I design experiences wherever I am. For example, I teach a scientific writing class for education psychology majors. Even there, we talk about the process of writing, the process of revising. About using metaphors to help people visualize, process, understand complex information. Students take on bad, cluttered, confusing scientific sentences and paragraphs and rewrite them to make them clean and beautiful; words are a medium like any other.

So much of what we do involves complex thinking. My schooling in cognitive science helped me to see how we use our brains in similar ways in varied tasks. Take metaphors and analogies: they come to play in designing computer interfaces and robots, in concepts for art pieces, in making writing clean and beautiful, even in cooking. Same type of thinking, applied in so many domains! Where does creativity start or end? I suppose it depends on your definition of creativity. Common ones contain the words “new” and “useful”. Both can be understood really broadly; useful may well include uplifting the spirits, like a beautiful painting can do!

I entered the Educational Psychology program at Mississippi State University to get better at teaching, and because MSU does not offer a PhD in design. I stumbled onto Cognitive Science because of a class that was required as a part of my program. I loved it, so I took more Cognitive Science classes – it ended up being my minor.

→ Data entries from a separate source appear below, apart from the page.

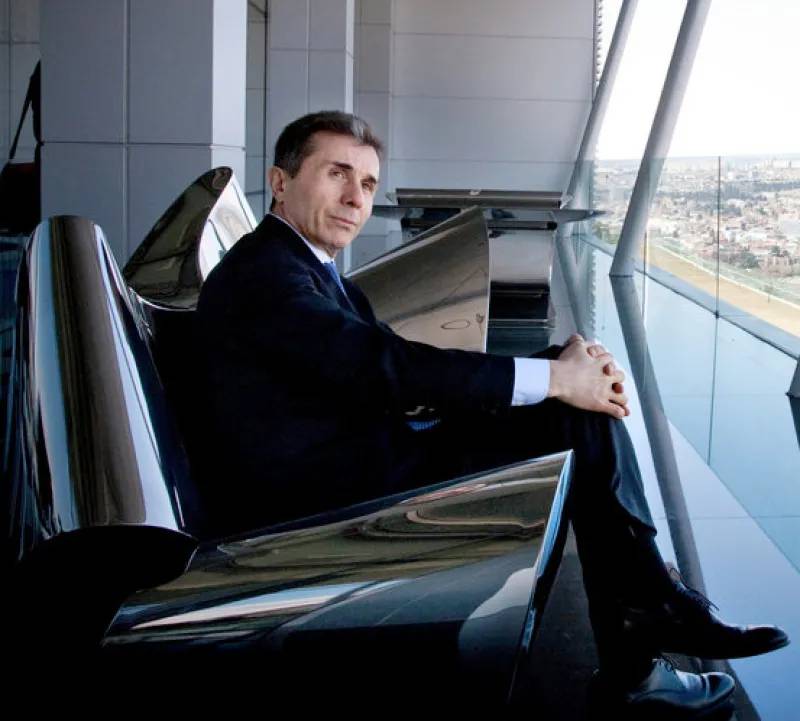 «Блумберг» публикует статью о найме лоббистской компании, где Иванишвили упоминается как «теневой босс»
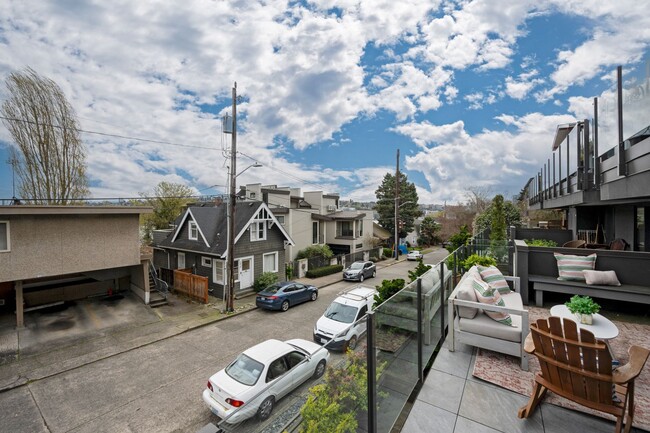 Building Photo - Waverly Condominiums ~ South Lake Union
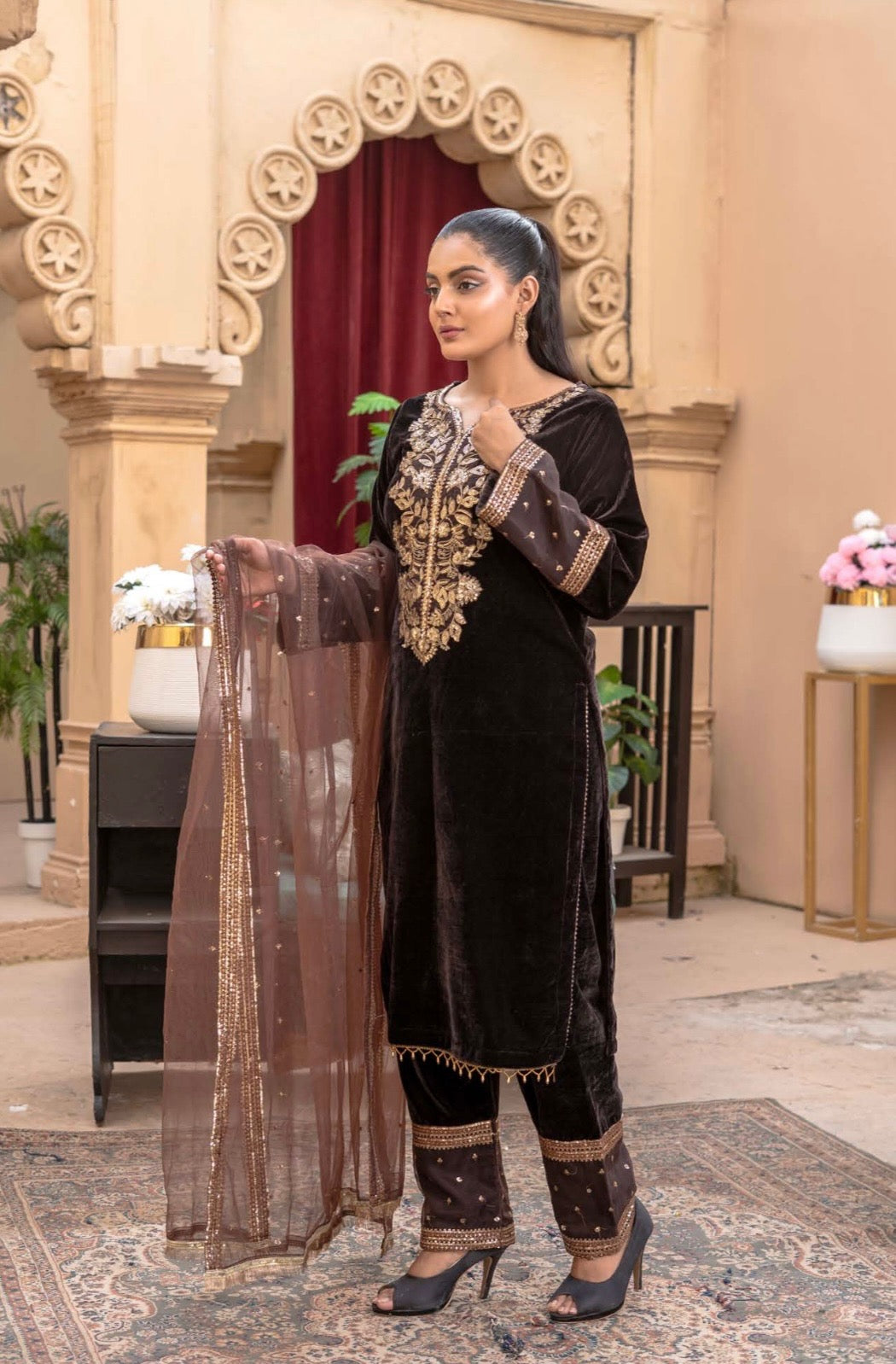 RPV1-04 Brown Velvet Rangz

Design thinking IS complex cognition. Whenever we generate and evaluate alternatives, pick one to develop further, and keep with it – we are using our brains. Some people place a high emphasis on intuition, and processes that they feel they can’t explain – or prefer not to, as they believe explaining them deprives them of artistic mystical high. I believe that intuition IS thinking. From the day we are born, we process the world. We figure out how to make sense of the 3D objects that are “taken in” by our 2D curved retinas. We notice patterns, and learn shortcuts, like the Gestalt grouping principles. We process nature, with all of its magic, like Fibonacci’s sequence in sunflowers and pine cones, relationships between colors, textures. . .  And, perhaps, great design is what our brilliant, intuitive brain recognizes as known and familiar. Most people are unaware of these relationships unless they are told about them, at least on the conscious level. What if our brains, in their need for speed, actually “know” how often these relationships appear around them, and deem them “important” because of the frequency?

One of the views of creativity is that it is divided into Big-C and little-c. Big-C is a game changer, like the printing press, or personal computer.  Little-c is making our everyday life better. Figuring out the best way to chop a tomato; figuring out how to lead a productive staff meeting.  Unfortunately, in Western culture, little-c is not valued as much; we worship the lone genius. I like a simple view of creativity: anything I make that is New and Useful – TO ME. So my photography is creative, no matter what others may think. My name is Kasia Gallo, and I am a photographer.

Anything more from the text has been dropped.